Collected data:
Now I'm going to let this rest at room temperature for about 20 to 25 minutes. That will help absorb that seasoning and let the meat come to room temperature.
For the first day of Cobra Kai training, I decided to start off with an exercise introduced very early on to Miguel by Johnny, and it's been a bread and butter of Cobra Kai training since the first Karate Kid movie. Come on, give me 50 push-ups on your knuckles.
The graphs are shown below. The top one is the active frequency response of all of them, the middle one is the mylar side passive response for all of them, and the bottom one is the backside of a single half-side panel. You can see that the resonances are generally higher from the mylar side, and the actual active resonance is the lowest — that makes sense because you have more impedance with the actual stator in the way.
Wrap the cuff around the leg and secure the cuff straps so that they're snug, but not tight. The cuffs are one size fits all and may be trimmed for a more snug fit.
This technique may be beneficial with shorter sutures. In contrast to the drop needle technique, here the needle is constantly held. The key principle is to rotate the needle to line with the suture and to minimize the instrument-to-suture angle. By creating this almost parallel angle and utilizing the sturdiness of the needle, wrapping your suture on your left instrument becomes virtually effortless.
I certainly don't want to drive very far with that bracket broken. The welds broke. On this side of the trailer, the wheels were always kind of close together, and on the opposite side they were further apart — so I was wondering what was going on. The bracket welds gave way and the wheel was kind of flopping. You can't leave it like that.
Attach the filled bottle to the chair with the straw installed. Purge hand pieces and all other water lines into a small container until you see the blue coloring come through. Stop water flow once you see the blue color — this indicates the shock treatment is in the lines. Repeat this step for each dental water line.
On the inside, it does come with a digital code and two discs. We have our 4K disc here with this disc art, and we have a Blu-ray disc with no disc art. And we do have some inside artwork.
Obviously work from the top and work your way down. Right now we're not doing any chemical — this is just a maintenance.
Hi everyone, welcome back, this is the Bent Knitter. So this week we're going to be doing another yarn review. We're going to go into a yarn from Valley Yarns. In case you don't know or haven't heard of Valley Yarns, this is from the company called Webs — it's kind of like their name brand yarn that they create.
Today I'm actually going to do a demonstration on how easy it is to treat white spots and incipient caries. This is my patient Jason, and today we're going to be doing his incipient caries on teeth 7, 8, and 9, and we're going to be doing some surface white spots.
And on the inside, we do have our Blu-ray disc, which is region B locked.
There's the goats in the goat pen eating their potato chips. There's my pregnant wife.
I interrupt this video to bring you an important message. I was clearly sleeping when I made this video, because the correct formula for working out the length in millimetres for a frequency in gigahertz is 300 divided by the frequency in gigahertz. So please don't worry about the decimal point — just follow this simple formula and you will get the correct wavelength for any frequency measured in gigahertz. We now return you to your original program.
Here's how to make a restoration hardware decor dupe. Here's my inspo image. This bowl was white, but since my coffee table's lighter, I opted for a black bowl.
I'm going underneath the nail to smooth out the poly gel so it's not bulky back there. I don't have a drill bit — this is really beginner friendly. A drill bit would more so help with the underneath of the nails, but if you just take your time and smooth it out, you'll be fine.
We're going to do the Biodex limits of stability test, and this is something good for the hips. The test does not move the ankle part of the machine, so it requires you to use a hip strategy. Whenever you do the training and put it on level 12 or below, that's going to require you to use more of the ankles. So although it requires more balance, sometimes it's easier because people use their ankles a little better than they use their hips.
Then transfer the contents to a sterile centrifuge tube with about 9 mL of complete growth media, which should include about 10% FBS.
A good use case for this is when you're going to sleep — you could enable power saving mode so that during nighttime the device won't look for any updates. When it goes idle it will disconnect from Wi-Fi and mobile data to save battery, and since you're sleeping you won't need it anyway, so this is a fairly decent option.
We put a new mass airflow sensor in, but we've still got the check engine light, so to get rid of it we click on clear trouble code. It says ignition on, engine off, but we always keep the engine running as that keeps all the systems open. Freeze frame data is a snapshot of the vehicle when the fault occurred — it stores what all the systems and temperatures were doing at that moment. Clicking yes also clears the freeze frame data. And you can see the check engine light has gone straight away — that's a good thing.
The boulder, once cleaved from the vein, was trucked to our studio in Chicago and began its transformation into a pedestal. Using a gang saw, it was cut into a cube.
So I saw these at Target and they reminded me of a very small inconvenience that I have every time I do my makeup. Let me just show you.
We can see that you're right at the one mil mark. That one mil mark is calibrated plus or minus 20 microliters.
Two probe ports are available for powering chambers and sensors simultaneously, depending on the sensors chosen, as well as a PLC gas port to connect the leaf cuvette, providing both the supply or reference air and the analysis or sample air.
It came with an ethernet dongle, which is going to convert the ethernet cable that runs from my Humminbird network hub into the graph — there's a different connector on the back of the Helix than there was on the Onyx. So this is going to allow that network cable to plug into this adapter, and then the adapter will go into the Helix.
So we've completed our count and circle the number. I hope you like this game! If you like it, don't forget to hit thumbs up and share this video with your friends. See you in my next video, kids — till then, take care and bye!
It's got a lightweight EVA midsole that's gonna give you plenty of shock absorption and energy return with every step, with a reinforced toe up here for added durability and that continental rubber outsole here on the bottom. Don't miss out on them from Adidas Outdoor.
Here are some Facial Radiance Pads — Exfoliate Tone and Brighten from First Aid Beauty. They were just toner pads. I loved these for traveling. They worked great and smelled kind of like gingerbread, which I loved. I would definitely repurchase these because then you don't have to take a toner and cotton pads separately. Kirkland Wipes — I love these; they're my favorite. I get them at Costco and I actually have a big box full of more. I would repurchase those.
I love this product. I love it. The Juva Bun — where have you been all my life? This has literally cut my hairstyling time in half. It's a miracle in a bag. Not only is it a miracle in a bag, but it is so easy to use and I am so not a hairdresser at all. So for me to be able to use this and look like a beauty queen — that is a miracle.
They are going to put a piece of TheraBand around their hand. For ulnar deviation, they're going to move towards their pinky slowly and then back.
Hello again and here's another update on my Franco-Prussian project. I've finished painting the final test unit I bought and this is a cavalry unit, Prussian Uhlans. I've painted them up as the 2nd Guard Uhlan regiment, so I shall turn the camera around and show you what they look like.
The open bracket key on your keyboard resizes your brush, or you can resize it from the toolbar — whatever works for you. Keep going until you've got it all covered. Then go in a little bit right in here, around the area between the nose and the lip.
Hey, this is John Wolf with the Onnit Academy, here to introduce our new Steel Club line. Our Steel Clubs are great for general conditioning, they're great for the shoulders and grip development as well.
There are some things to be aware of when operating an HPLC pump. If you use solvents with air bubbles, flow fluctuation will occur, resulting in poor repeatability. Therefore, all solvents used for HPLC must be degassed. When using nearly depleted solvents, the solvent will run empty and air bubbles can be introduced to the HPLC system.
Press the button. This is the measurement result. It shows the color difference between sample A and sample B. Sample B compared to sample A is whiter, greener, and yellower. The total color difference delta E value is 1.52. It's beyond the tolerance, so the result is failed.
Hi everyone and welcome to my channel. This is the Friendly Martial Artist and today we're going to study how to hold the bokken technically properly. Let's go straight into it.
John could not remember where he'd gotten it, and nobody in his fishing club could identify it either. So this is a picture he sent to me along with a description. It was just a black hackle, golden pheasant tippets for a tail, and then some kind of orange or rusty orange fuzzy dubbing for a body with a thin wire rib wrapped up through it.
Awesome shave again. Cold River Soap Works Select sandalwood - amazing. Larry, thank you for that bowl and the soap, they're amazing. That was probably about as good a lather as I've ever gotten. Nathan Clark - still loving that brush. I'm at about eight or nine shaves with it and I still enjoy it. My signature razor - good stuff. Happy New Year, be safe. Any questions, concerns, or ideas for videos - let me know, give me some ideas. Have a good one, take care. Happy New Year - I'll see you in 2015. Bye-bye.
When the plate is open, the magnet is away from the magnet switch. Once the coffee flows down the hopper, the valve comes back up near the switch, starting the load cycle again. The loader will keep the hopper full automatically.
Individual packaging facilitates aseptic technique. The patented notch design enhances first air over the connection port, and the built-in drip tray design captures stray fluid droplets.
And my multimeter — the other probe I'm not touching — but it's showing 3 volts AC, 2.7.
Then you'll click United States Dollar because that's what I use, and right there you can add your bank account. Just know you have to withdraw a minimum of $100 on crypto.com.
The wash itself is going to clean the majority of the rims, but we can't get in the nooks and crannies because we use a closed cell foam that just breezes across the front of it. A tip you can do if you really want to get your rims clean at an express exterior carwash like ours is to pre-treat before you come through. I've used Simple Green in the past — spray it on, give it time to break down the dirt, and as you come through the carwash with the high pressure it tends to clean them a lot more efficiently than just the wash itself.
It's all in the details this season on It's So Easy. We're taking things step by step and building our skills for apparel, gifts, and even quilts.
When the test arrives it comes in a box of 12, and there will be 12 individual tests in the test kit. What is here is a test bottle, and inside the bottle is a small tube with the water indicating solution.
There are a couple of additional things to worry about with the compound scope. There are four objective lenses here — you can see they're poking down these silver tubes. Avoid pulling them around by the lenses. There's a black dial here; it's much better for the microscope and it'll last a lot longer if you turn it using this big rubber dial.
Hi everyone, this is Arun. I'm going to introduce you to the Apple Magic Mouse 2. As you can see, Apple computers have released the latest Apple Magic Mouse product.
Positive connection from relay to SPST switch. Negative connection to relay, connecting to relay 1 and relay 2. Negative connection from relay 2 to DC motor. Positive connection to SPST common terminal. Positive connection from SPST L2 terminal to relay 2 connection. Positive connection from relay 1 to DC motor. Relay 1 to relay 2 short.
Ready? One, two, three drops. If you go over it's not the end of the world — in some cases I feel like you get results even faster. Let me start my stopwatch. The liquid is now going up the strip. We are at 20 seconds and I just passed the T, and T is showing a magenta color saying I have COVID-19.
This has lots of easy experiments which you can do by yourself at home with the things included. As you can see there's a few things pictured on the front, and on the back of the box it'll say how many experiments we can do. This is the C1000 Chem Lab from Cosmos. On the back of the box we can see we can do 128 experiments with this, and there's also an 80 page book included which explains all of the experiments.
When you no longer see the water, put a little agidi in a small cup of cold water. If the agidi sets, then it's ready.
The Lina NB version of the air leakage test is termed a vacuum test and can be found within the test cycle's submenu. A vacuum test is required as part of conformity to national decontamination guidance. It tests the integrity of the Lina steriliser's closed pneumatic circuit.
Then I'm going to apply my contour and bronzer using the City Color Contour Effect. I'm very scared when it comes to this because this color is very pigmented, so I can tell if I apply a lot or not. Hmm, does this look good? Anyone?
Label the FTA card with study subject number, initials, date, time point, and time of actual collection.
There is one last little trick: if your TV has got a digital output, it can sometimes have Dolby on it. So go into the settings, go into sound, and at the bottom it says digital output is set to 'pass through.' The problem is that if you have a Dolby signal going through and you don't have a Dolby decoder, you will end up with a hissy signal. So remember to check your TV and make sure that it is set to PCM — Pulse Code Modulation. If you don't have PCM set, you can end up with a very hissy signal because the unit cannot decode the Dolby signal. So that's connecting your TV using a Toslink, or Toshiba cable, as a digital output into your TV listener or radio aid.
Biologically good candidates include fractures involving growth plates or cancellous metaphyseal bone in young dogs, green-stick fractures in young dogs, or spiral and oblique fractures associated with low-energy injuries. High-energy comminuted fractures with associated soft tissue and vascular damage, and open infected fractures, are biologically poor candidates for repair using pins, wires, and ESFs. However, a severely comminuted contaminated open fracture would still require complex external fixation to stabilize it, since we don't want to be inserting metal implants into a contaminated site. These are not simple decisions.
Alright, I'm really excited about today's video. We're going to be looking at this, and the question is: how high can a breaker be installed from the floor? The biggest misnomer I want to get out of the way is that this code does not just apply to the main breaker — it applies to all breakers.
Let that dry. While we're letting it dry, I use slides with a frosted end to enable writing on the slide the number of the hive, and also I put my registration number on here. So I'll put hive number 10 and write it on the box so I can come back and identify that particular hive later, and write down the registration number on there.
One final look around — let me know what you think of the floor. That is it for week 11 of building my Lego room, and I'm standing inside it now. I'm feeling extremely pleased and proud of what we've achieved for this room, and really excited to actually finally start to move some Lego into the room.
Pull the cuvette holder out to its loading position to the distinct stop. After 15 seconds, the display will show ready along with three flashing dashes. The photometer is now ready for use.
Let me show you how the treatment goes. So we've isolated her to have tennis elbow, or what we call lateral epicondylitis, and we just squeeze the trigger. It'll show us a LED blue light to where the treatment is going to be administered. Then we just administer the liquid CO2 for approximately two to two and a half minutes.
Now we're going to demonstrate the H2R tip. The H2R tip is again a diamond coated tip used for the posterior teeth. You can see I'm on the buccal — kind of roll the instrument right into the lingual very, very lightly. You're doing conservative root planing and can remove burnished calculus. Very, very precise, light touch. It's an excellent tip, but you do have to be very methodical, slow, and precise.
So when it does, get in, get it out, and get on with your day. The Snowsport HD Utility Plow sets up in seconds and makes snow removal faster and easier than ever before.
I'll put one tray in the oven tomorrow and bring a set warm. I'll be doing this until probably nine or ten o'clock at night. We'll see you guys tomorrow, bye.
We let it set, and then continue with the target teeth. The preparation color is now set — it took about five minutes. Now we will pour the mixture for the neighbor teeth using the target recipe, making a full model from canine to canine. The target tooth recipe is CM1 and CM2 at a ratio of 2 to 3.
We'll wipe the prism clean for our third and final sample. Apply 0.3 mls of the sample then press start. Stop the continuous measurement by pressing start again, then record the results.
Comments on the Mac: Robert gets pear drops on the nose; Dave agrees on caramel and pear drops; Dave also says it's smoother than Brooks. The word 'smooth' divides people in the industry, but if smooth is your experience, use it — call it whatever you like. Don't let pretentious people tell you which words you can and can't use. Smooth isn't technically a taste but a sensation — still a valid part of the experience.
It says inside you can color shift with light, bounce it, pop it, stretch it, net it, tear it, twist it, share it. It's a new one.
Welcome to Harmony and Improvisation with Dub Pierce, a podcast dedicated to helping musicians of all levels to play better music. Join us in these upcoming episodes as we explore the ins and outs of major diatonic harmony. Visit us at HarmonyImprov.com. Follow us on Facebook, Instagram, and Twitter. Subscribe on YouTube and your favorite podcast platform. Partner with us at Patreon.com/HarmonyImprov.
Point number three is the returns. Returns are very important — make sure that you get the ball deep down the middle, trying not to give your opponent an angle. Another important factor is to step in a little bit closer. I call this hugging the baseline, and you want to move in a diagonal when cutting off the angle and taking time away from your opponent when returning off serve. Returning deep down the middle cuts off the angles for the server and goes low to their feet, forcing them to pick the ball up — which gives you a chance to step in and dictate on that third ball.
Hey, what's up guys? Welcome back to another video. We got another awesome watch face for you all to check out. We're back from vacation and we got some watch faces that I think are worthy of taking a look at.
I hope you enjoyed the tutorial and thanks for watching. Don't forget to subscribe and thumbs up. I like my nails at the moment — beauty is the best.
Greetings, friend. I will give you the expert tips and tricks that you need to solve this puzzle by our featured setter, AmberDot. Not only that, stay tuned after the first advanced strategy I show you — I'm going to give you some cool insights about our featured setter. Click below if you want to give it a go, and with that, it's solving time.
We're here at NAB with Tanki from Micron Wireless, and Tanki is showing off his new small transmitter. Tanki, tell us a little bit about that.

◆ **TASK STATEMENT**: Nothing but the lines from the beginning of the records through the line with "This technique may" should appear, each printed exactly.

◆ **RESPONSE BELOW**:
Now I'm going to let this rest at room temperature for about 20 to 25 minutes. That will help absorb that seasoning and let the meat come to room temperature.
For the first day of Cobra Kai training, I decided to start off with an exercise introduced very early on to Miguel by Johnny, and it's been a bread and butter of Cobra Kai training since the first Karate Kid movie. Come on, give me 50 push-ups on your knuckles.
The graphs are shown below. The top one is the active frequency response of all of them, the middle one is the mylar side passive response for all of them, and the bottom one is the backside of a single half-side panel. You can see that the resonances are generally higher from the mylar side, and the actual active resonance is the lowest — that makes sense because you have more impedance with the actual stator in the way.
Wrap the cuff around the leg and secure the cuff straps so that they're snug, but not tight. The cuffs are one size fits all and may be trimmed for a more snug fit.
This technique may be beneficial with shorter sutures. In contrast to the drop needle technique, here the needle is constantly held. The key principle is to rotate the needle to line with the suture and to minimize the instrument-to-suture angle. By creating this almost parallel angle and utilizing the sturdiness of the needle, wrapping your suture on your left instrument becomes virtually effortless.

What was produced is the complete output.